The last 24 hours has been a little ridiculous around here… and not in a good way. I’m probably going to wonder into the “oversharing blogger” here in the next few minutes, but at least I’m not becoming the “oversharing facebooker.” Besides, this is my blog, and if I want to write about the ridiculous amount of poop Lizzie has produced in the last 12 hours, then I will.
(Wes, if you are reading, skip through the first couple paragraphs, I talk about poop).
So, to kick things off. Lizzie. That dog has been going wild the last few days scratching. My vet gave me some allergy pills that she can take to help alleviate this. The last time she took the pills, she ended up wetting the bed. I talked to my vet about it and he said that excessive peeing was a side effect and that if I cut the pill in half, she should be just fine. Following his instructions to a T, I cut the pill in half and stuck it in a teaspoon of peanut butter to hide it from her oh so sensitive palate. It seemed to work. Her crazy itching spells stopped and she was playing like a normal puppy.
That was until about 5 this morning. I woke up to the ever so pleasant smell of diarrhea. I flipped on my lamp and looked at Lizzie who had a very shameful expression on her face.
Non-dog people won’t get this, but people who own a mischievous dog know exactly the face I am talking about. Ya. That face. She also immediately crawled under the bed and hid.
I did a quick couple glances around my bedroom and found multiple large (very large) “stains” if you will. Use your imagination. Cleaning the floor and Lizzie’s bottom took about 45 minutes this morning. Awesome. We had another bout with it right before I left for work. Fortunately it was not as severe. After a quick check at lunch, she seems to be on the mend. Praise the Lord.
Problem one dealt with. On to problem two.

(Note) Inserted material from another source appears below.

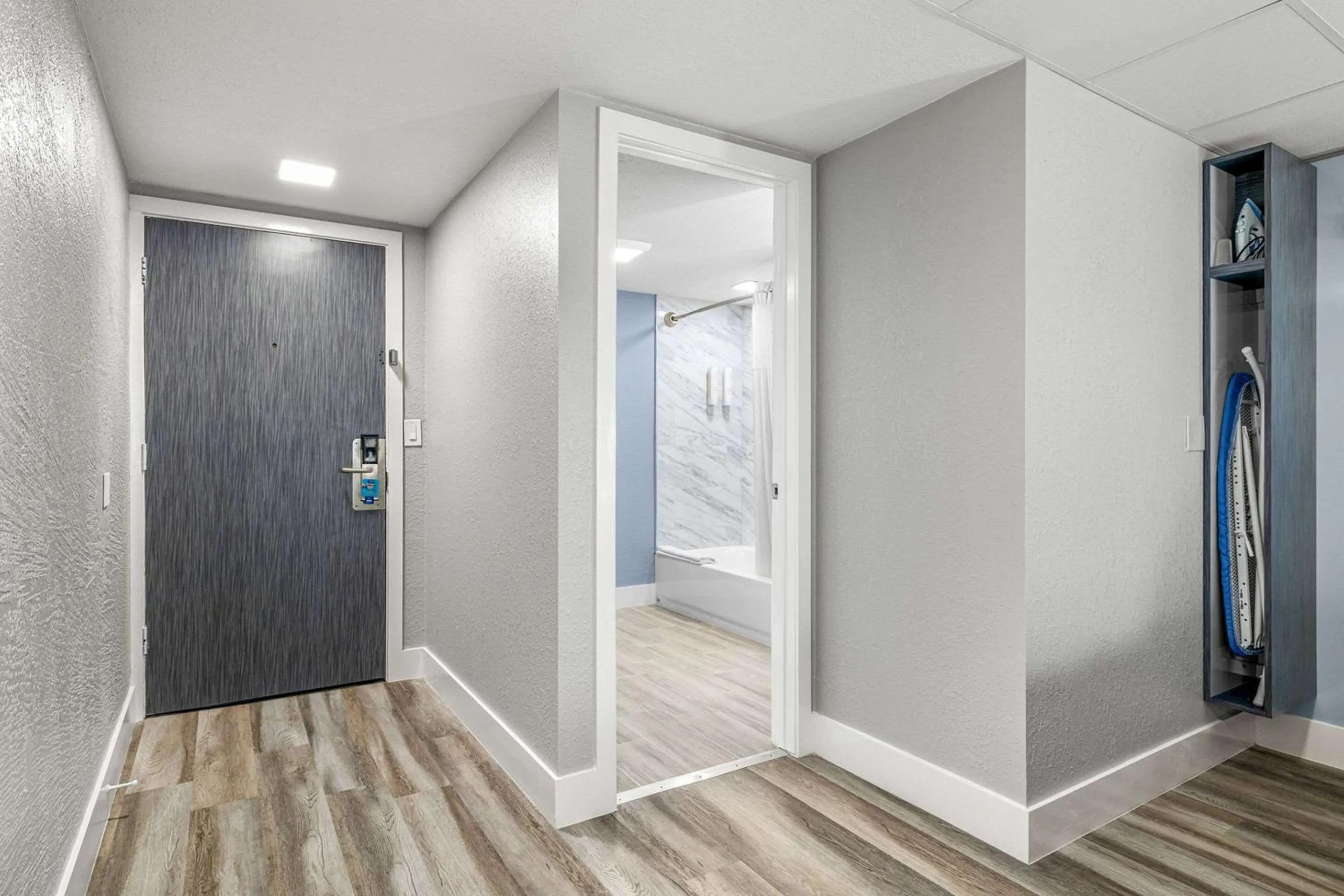 Bedroom in Clarion Pointe Tampa-Brandon Near Fairgrounds and Casino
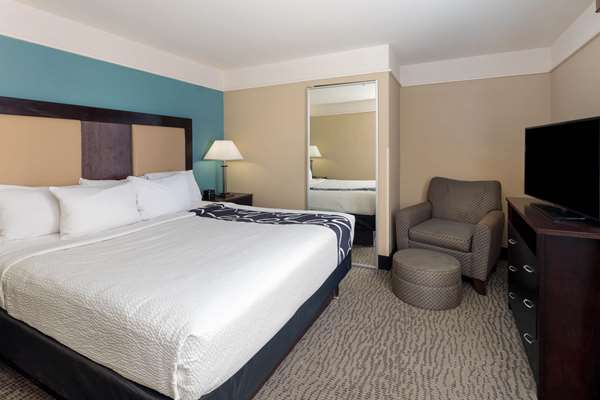 Suite - La Quinta Inn & Suites Pooler - I-95, Exit 102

Passport Canada. The pickiest people in the world. Yes, I am Canadian for those that don’t know and I need to get my passport renewed. I completed the procedure 5 weeks ago and just got my application back. Denied. My photos had a slight shadow on them. I am going to visit family (or supposed to be) in about 7 weeks. A normal person would think “oh that’s plenty of time,” but not me. No. I have acquired my mother’s sense of worry. Panic even. First thing this morning, I got on the phone with the Canadian consulate and made them assure me that I would be fine. My application is back in the mail with perfect passport photos, as well as a short humorous note to Passport Canada, in hopes that they will feel sorry for me and process my passport quickly. Problem two hopefully solved. Now problem three.
My GE Blender…not even a year old. Just the other day I was singing the praises of my blender (yes, I am a kitchen nerd). It makes my green monsters absolutely perfect. I have been drinking about 5 of these a week, so the blender has seen increased action. However, it isn’t like I’m blending rocks, or even ice for that matter. The drink has a frozen banana in it, an occasional piece of ice, spinach, and some liquid. Somehow this was enough to cause it to break… today… in the middle of green monster making. Luckily, my kind mother who worries about me never getting married, thus never registering, has supplied me with more than enough blender like machines that I was able to successfully finish making my lunch. The ninja did a fine job. But, GE, you will be hearing from me soon. And on to the last problem of the day, and perhaps the most serious.
See anything unusual in this picture? I mean besides the dirt and garage sensors.
Welcome little black widow spider. After doing a google search this morning for “black spider with red dot on stomach,” I came up with several horrifying images and taglines like “Extremely Venomous,” “Fatal,” “Run for your life…” etc.. ok maybe the last tag line was one I came up. Regardless, there is a freaking black widow living in my garage. I’m not living in the desert or at some ranch, I live in a townhome in downtown Dallas. Where do these even come from? Panic struck in this morning when I discovered it. Wes promises he will take care of it for me after work. He wants to first capture it and identify the species. Umm, what? I’m kind of concerned we might be making an emergency room visit tonight after this thing attacks him.
I’ve managed to find some humor in the majority of these situations, but I’m struggling with the last one. Help!!!!